The problem – As an exercise in exact copying, transcribe the lines below from the one holding "Tre män med cyklar." through the last, with both ends included and pictures left out.

··· Data segment

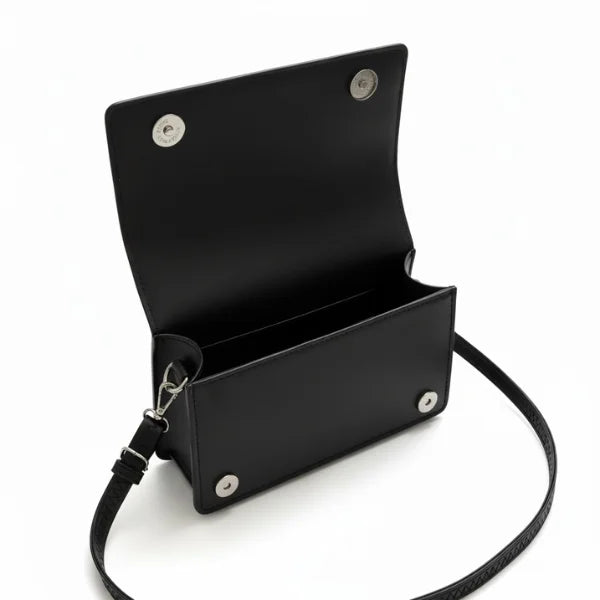 Isla Vegan Leather Crossbody Bag in black, open flap interior view with magnetic snap closure and slip pocket for essentials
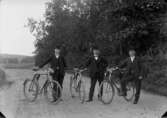 Tre män med cyklar.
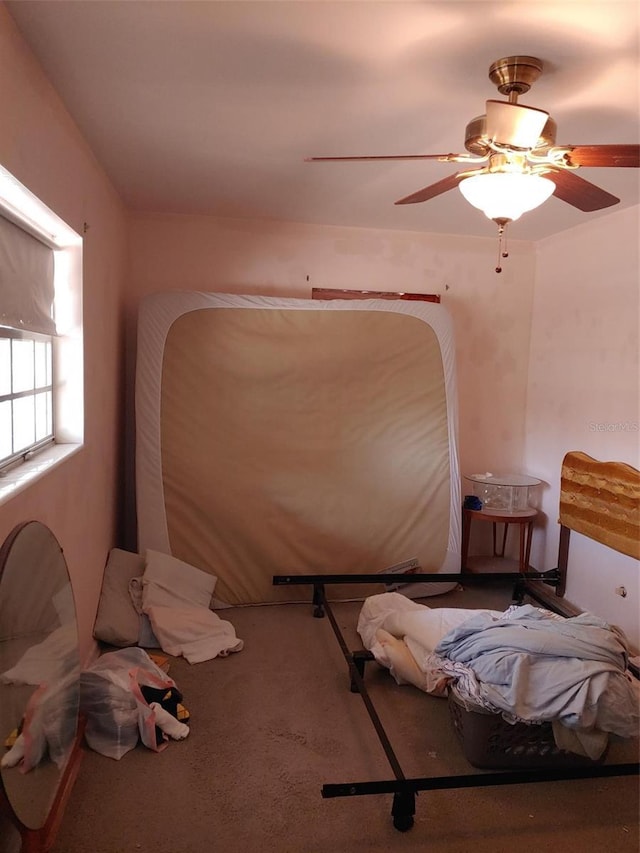 bedroom with carpet and a ceiling fan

······

Task solution –
 Tre män med cyklar.
 bedroom with carpet and a ceiling fan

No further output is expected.